Module stikpetP.effect_sizes.eff_size_common_language_is
Expand source code
from statistics import mean, variance, NormalDist
import pandas as pd
from scipy.stats import rankdata
def es_common_language_is(catField, scores, categories=None, levels=None, dmu=0, method="brute"):
'''
Common Language Effect Size (Independent Samples)
-----------------------------------------------
The Common Language Effect Size (a.k.a.

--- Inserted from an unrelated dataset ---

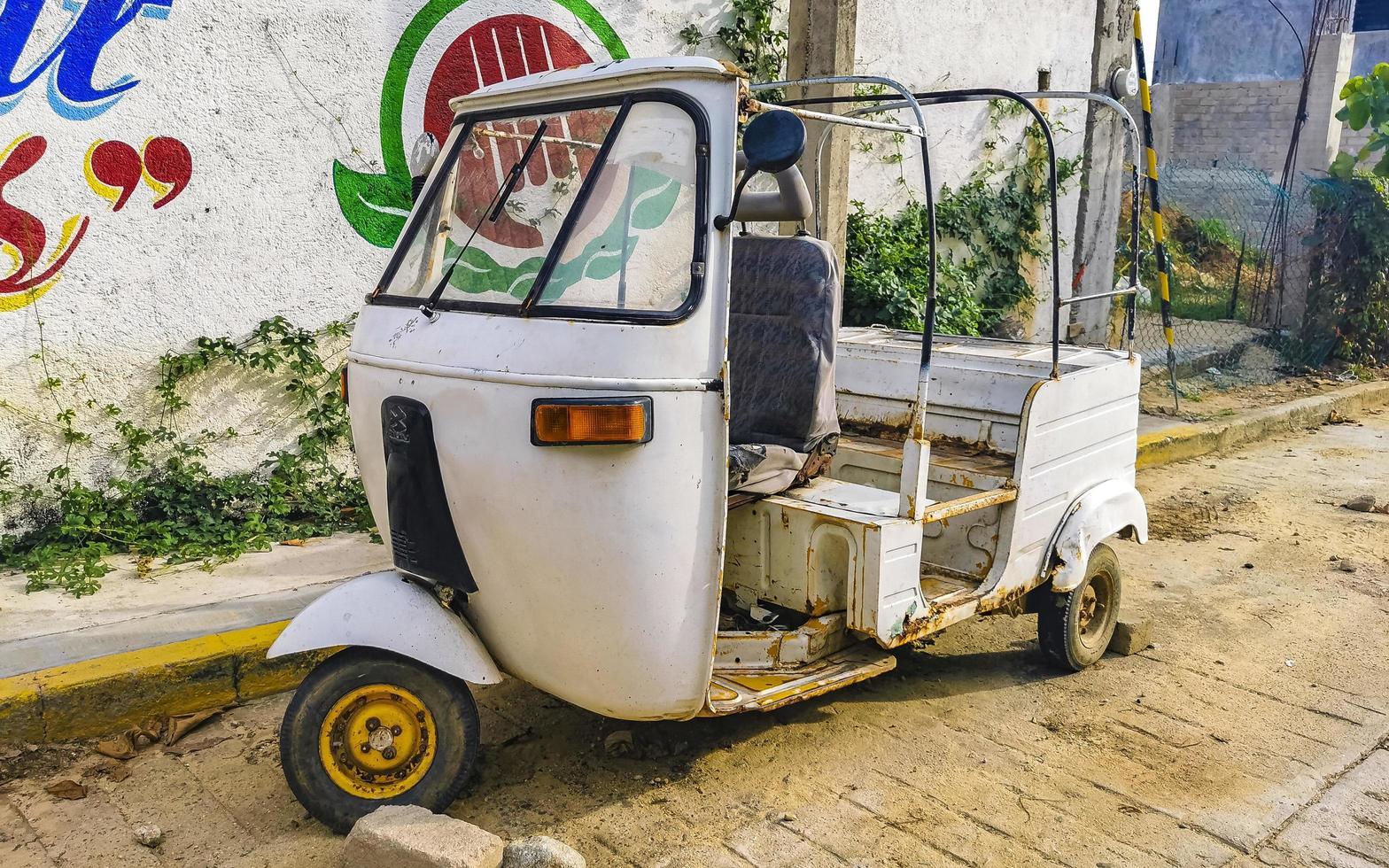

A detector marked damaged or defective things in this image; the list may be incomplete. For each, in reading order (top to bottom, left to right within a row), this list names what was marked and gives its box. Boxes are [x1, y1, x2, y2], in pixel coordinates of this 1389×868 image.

Probability of Superiority) is the probability of taking a random pair from two categories, the first is greater than the first, i.e.
$$P(X > Y)$$
Note however that Wolfe and Hogg (1971) actually had this in reverse, i.e.
$$P(X \\leq Y)$$
Some will also argue to count ties equally to each of the two categories (Grissom, 1994, p. 282), which makes the definition:
$$P(X > Y) + \\frac{P(X = Y)}{2}$$
It was further developed by Vargha and Delaney (2000) especially in light of a Mann-Whitney U test.
For scale data, an approximation using the standard normal distribution is also available.
The term Common Language Effect Size can be found in McGraw and Wong (1992), the term Probability of Superiority is found in Grissom (1994), and the term Stochastic Superiority in Vargha and Delaney (2000)
The function is shown in this [YouTube video](https://youtu.be/4oAQNaqPmBc) and the measure is also described at [PeterStatistics.com](https://peterstatistics.com/Terms/EffectSizes/CommonLanguageEffectSize.html)
Parameters
----------
catField : dataframe or list
the categorical data
scores : dataframe or list
the scores
categories : list, optional
to indicate which two categories of catField to use, otherwise first two found will be used.
levels : list or dictionary, optional
the scores in order
dmu : float, optional
difference according to null hypothesis (default is 0)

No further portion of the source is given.